Problem to solve =
Return all of the listing word for word; the pictures stay out.
-- Stored data follows --
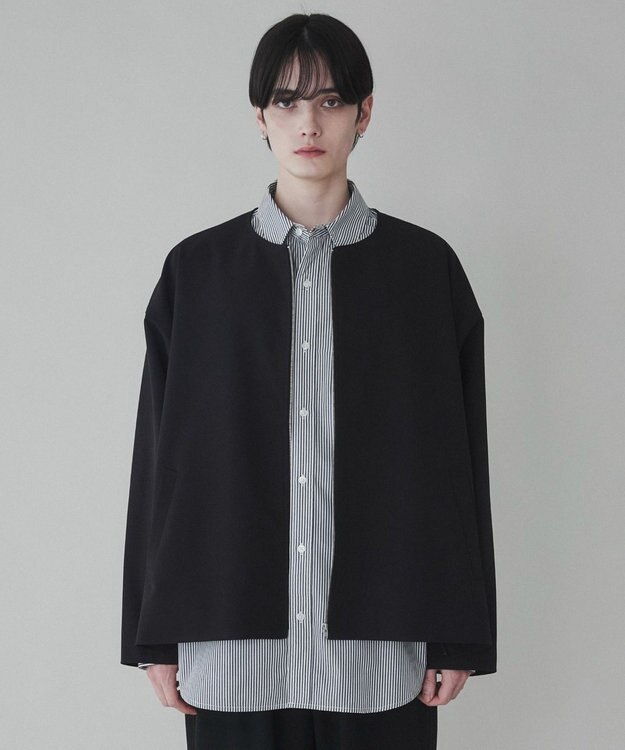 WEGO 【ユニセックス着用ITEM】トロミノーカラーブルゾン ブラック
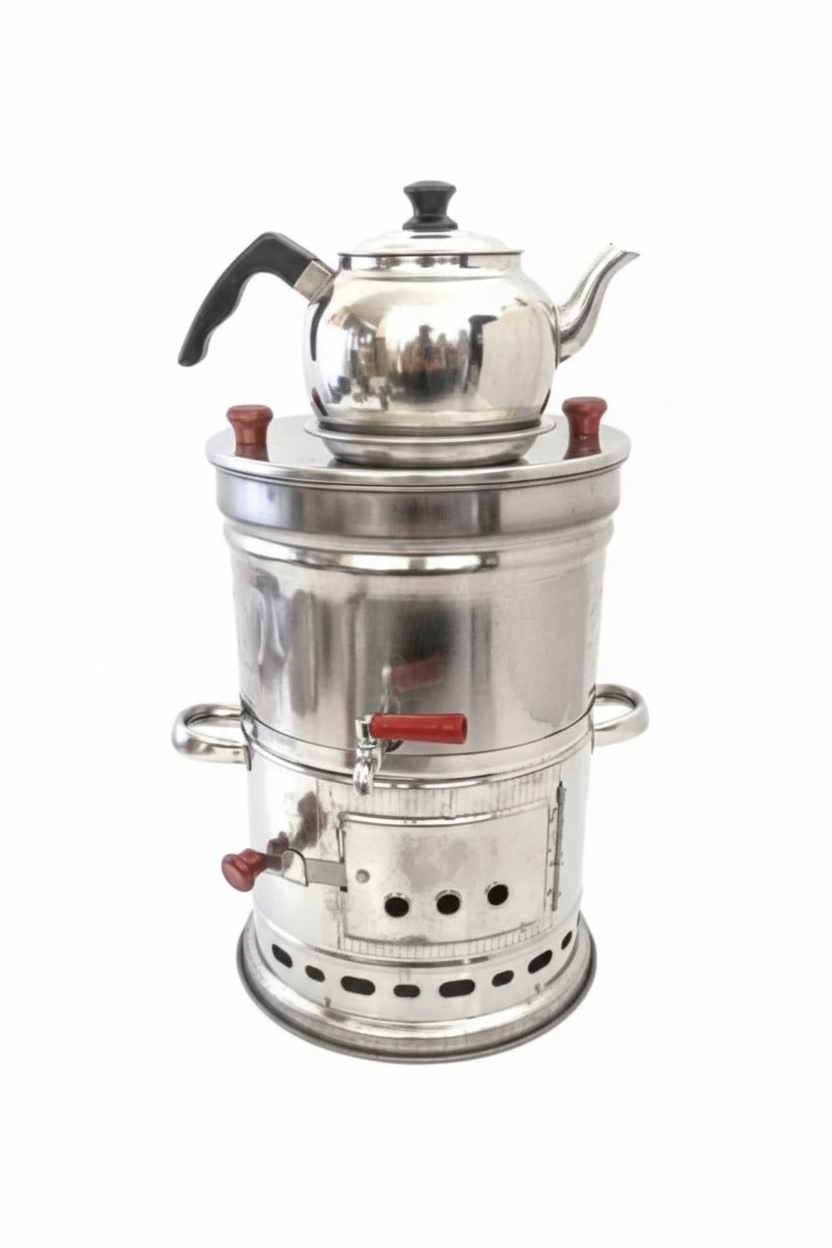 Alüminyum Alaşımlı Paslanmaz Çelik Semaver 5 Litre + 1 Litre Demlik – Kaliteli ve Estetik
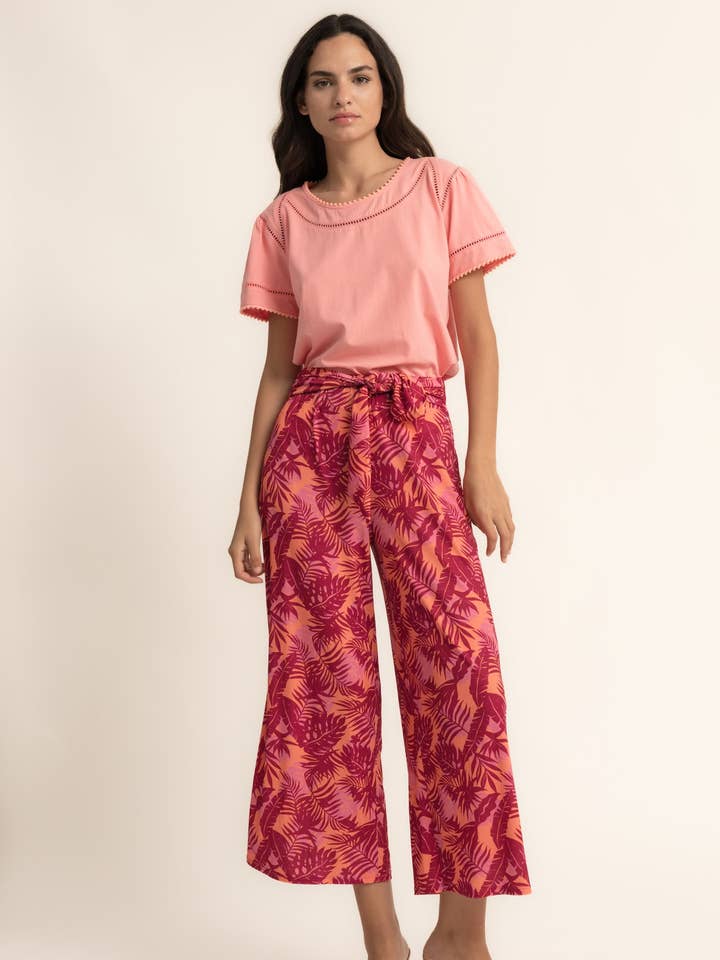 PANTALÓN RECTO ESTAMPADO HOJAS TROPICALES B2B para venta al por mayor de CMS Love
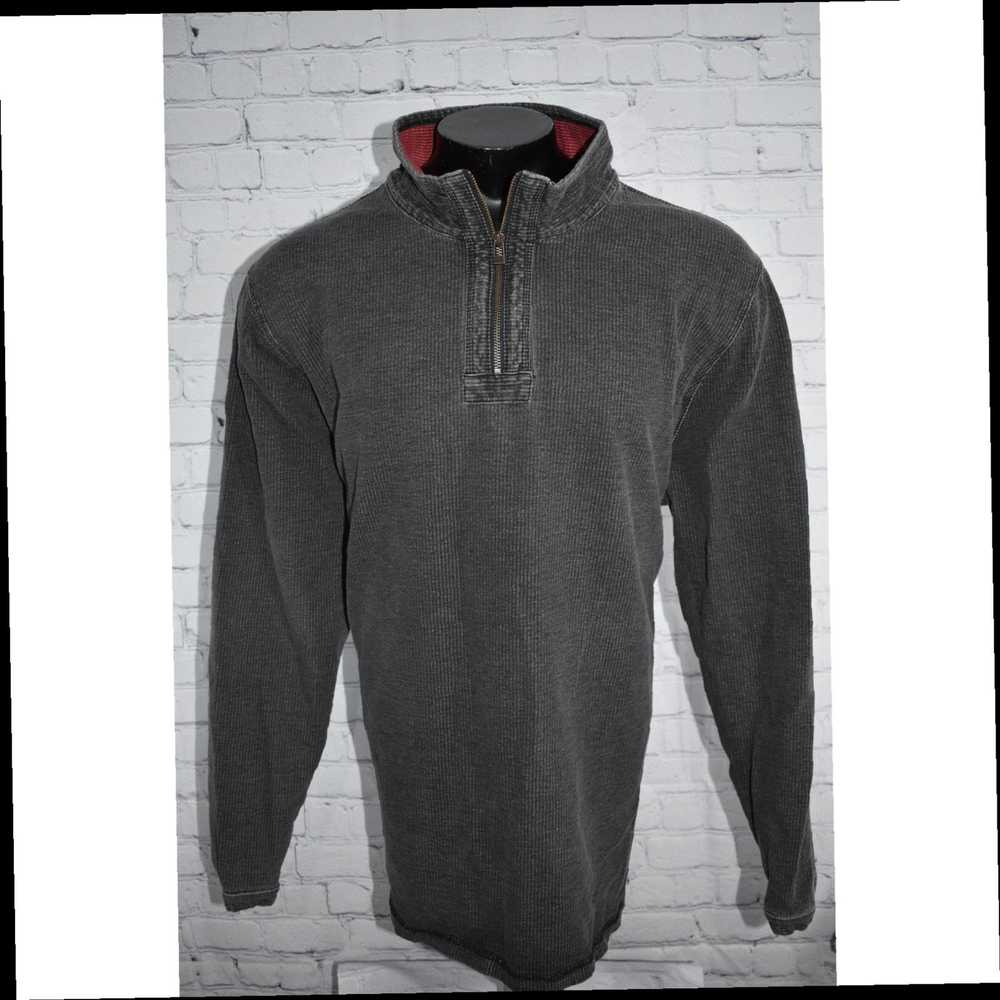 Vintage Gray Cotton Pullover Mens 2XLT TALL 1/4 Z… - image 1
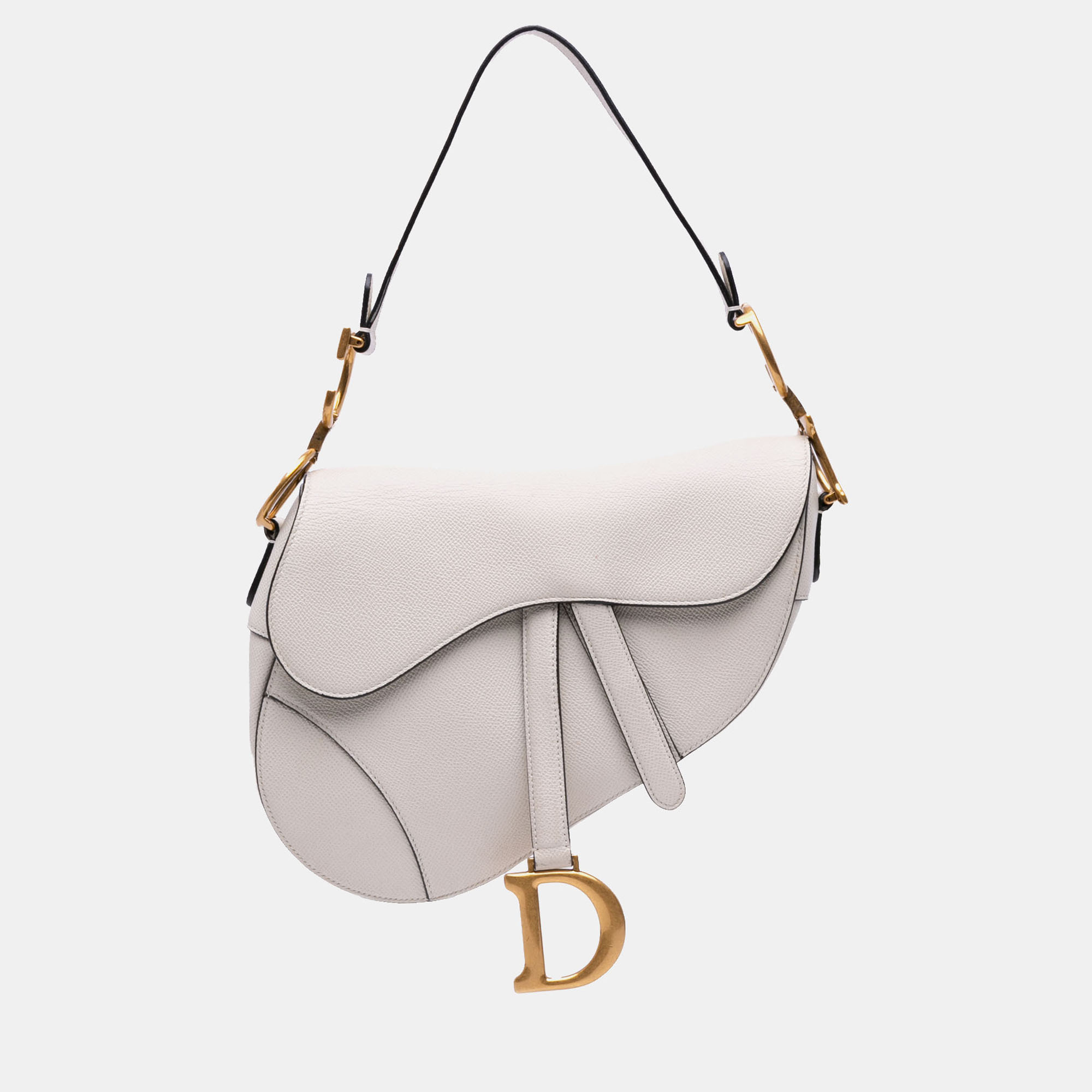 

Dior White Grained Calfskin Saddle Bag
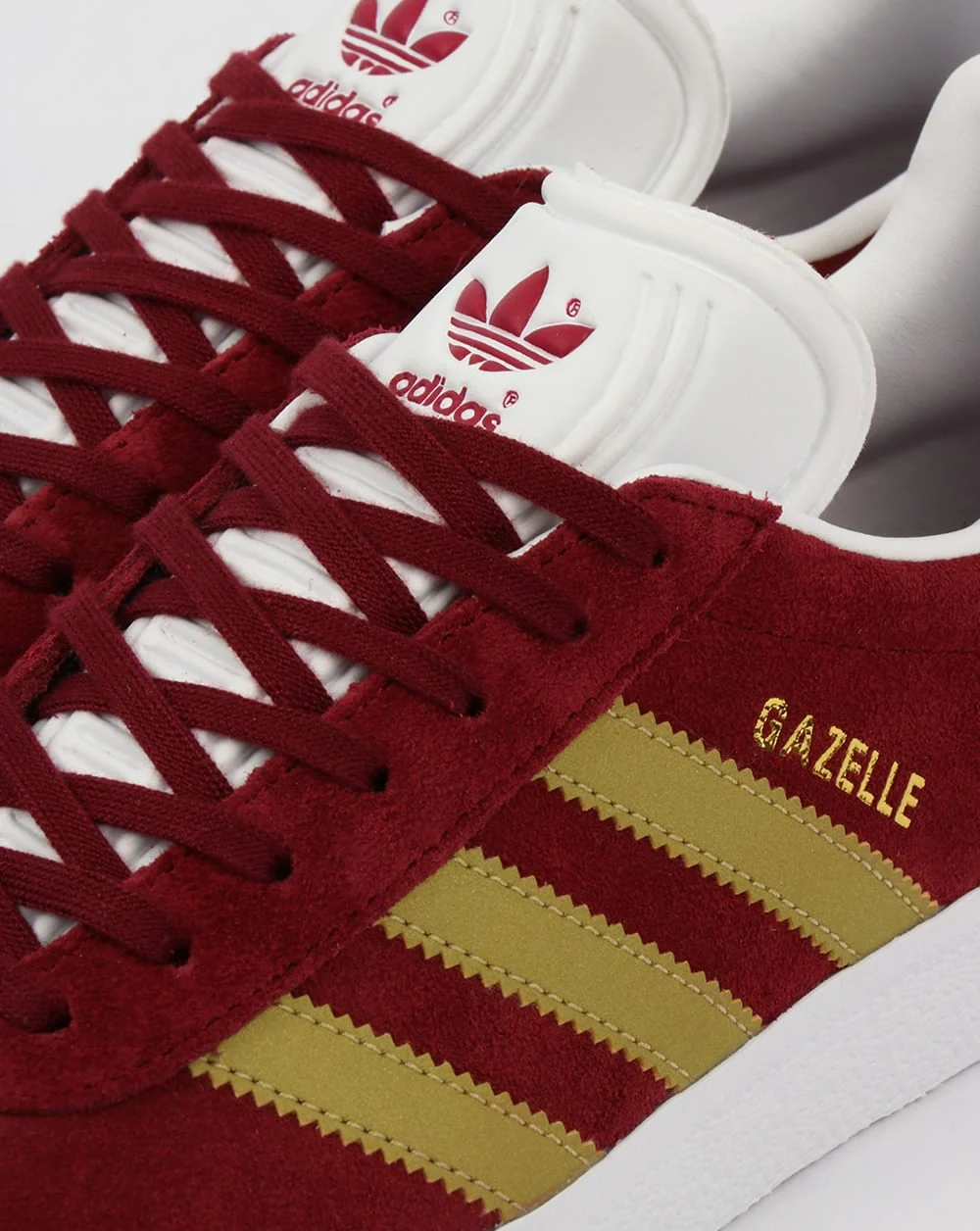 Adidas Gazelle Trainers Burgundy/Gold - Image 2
-- Stored data concluded --
Exercise solution =
 WEGO 【ユニセックス着用ITEM】トロミノーカラーブルゾン ブラック
 Alüminyum Alaşımlı Paslanmaz Çelik Semaver 5 Litre + 1 Litre Demlik – Kaliteli ve Estetik
 PANTALÓN RECTO ESTAMPADO HOJAS TROPICALES B2B para venta al por mayor de CMS Love
 Vintage Gray Cotton Pullover Mens 2XLT TALL 1/4 Z… - image 1

Dior White Grained Calfskin Saddle Bag
 Adidas Gazelle Trainers Burgundy/Gold - Image 2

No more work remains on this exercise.